La norma specifica i requisiti per tubi e raccordi a parete piena con o senza rivestimento interno e/o esterno e il sistema di tubazioni realizzati con materiali in polipropilene con cariche minerali (PP-MD) nel campo degli scarichi interrati e delle fognature non in pressione all'esterno della struttura degli edifici (codice dell'area di applicazione "U"), degli scarichi interrati e delle fognature non in pressione sia all'interno della struttura degli edifici che all'esterno (prefisso dell' applicazione "UD"). Ciò si riflette nella marcatura dei prodotti con "U" e "UD". La norma copre una gamma di dimensioni nominali, di classi di rigidezze dei tubi e raccomandazioni relative ai colori. La norma è applicabile a tubi in PP-MD con o senza bicchiere integrale e a raccordi con bicchiere integrale.

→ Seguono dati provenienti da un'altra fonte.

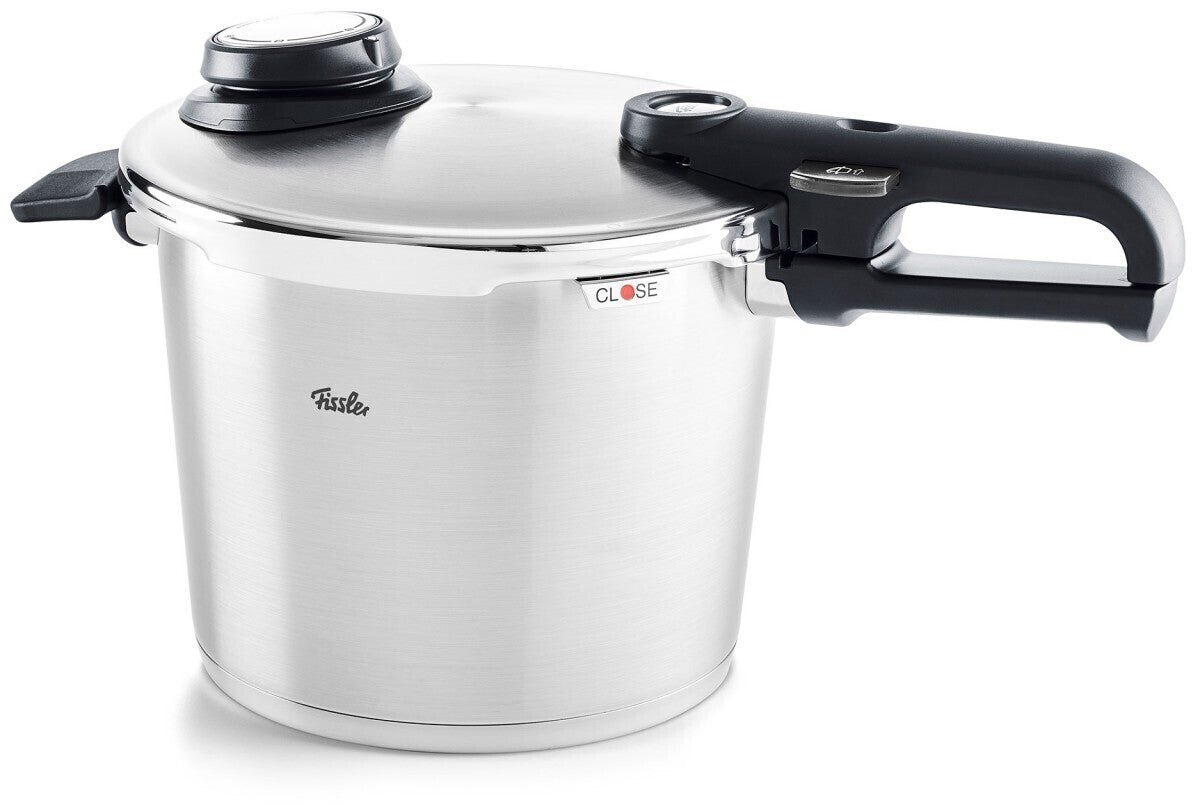 Olla a Presión 6L + Cestillo 22 cm + Trípode Vitavit® Premium Fissler - #pino_y_jacaranda#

Materie plastiche - Policloruro di vinile - Determinazione del cloruro di vinile monomero residuo con il metodo gascromatografico

La norma specifica un metodo per la determinazione del cloruro di vinile monomero residuo nelle resine di omopolimeri e copolimeri del cloruro di vinile e di materiali in compound. Il metodo è basato sulla dissoluzione di un campione e gascromatografia dello spazio di testa. È possibile determinare concentrazioni di cloruro di vinile comprese tra 0,1 mg/kg e 3,0 mg/kg.

Materie plastiche - Materiali di poliammide (PA) per stampaggio ed estrusione - Parte 1: Sistema di designazione e base per specifiche

La norma stabilisce un sistema di designazione per materiali di poliammide (PA) per stampaggio ed estrusione, che possono essere utilizzati come base per le specifiche. I tipi di materie plastiche poliammide si differenziano tra di loro mediante un sistema di classificazione basato su livelli appropriati delle proprietà di designazione: a) numero di viscosità, b) modulo di elasticità a trazione, e c) additivo nucleante, e sulle informazioni riguardanti la composizione, l'applicazione prevista e/o il metodo di lavorazione, le proprietà importanti, gli additivi, i coloranti, le cariche e i materiali di rinforzo. Il sistema di designazione è applicabile a tutti gli omopolimeri, i copolimeri e le miscele poliammide. La norma si applica ai materiali non modificati pronti per l'uso normale e ai materiali modificati, per esempio, da coloranti, additivi, cariche, materiali di rinforzo e modificatori di polimero. La norma non si applica ai seguenti materiali: - monomero tipo colata poliammidi di PA 6; - monomero tipo colata poliammidi di PA 12. Il fatto che i materiali abbiano la stessa designazione non significa che abbiano le stesse prestazioni. La norma non fornisce dati tecnici, sulle prestazioni o sulle condizioni di lavorazione che possono essere richiesti per specificare un materiale. Se tali proprietà aggiuntive sono richieste, possono essere determinate secondo i metodi di prova specificati nella ISO 16396-2, se adatti. Per specificare un materiale termoplastico per una particolare applicazione, è possibile fornire ulteriori requisiti nel blocco dati 5 (vedere 4.1).

Sistemi di tubazioni di materia plastica per fognature e scarichi interrati non in pressione - Policloruro di vinile non plastificato (PVC-U) - Parte 1: Specifiche per i tubi, i raccordi ed il sistema

La norma specifica i requisiti per i tubi a parete solida con superficie interne ed esterne lisce, estruse dalla stessa formulazione in tutta la parete, per i raccordi e il sistema di tubazioni in policloruro di vinile non plastificato (PVC-U) per fognature e scarichi interrati non in pressione per: - le applicazioni interrate all'esterno degli edifici (codice dell'area di applicazione "U"), e - sia per le applicazioni interrate, all'interno della struttura dell'edificio e all'esterno della struttura dell'edificio (codice dell'area di applicazione "UD"). L'utilizzo si riflette nella marcatura dei prodotti con “U” e “UD”. La norma specifica i parametri di prova per i metodi di prova riferiti a questa norma. La norma definisce una gamma di dimensioni nominali, una gamma di tubi e una serie di raccordi, una gamma di classi di rigidità e fornisce raccomandazioni relative ai colori. La norma si applica a tubi e raccordi in PVC-U, alle loro giunzioni e alle giunzioni con componenti di altre materie plastiche e materiali non plastici per l'utilizzo nei sistemi di tubazioni interrati per lo scarico e la fognatura non in pressione.